SeedVR2 vs Flux2 Klein 9B: Which AI Upscaler Wins Across 264 Production Image Pairs?
SeedVR2 vs FLUX.2 [klein] 9B: blind evaluation of 264 image pairs by 13 professional evaluators across 4 quality dimensions. SeedVR2 wins naturalness at 91%, sharpness at 83%. Exception: AI-generated textures at close range.
When 91% of professional evaluators pick one model on naturalness and 1% pick the other, you're not reading a benchmark. You're reading a verdict.

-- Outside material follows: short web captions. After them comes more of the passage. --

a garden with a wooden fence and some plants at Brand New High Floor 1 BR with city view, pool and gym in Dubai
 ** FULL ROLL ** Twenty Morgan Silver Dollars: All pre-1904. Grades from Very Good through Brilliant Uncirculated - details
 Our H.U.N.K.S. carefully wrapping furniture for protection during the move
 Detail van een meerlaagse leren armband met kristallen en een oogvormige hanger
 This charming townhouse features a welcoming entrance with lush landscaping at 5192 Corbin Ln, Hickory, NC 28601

That's what happened when we ran SeedVR2 against FLUX.2 [klein] 9B — two very different bets on what AI upscaling should do. SeedVR2 is a video restoration model by ByteDance — applied here to still image upscaling — built around a one-step diffusion adversarial approach optimized for perceptual coherence. FLUX.2 [klein] 9B is a 9B-parameter rectified flow transformer by Black Forest Labs, step-distilled to 4 inference steps, applied in this benchmark via a tiling workflow for high-resolution image processing.
On paper, the tradeoff sounds interesting. In practice, the gap is wider than expected, with one exception that matters enough to document carefully before you pick a pipeline.
Methodology
The benchmark ran across 264 image pairs: 132 real photographs and 132 AI-generated images, split equally across six content categories — crowds and complex scenes, faces, materials and textures, nature, text and signage, and urban environments.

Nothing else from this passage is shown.